• **Dataset excerpt**:

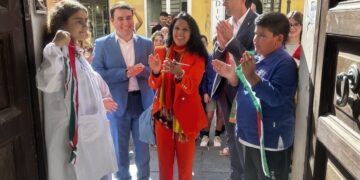 Palazzo Mattioli nuova sede della Soprintendenza. «Sinergia per il restauro del d’Avalos»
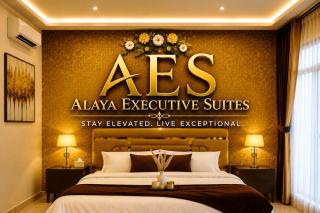 ALAYA EXECUTIVE SUITES -Gulberg III - 0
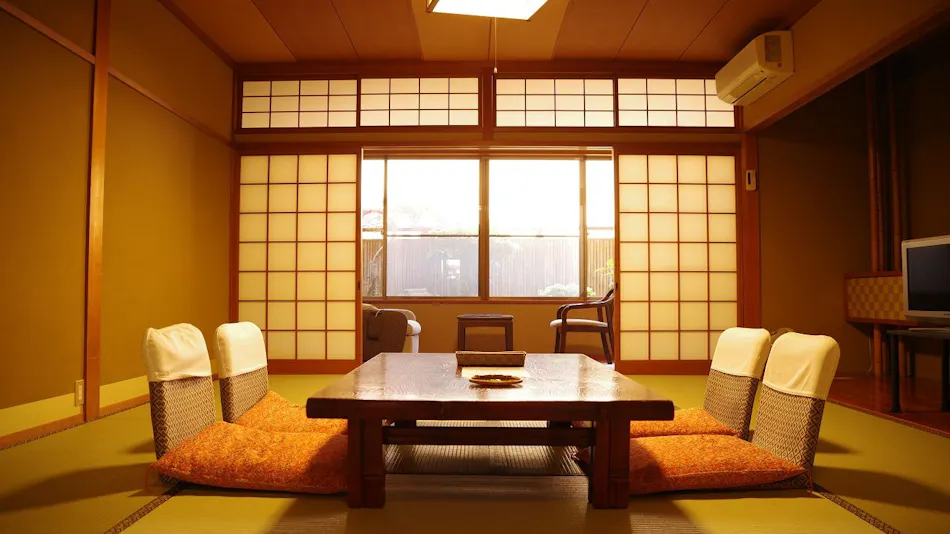 Kinosaki Onsen Tsuruyaryokan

• **What you are asked to do**:
Give again, word for word, the lines above from the one with "ALAYA EXECUTIVE SUITES -Gulberg III - 0" through the final line of the data, both ends included. Do not copy any picture.

• **Finished exercise**:
 ALAYA EXECUTIVE SUITES -Gulberg III - 0
 Kinosaki Onsen Tsuruyaryokan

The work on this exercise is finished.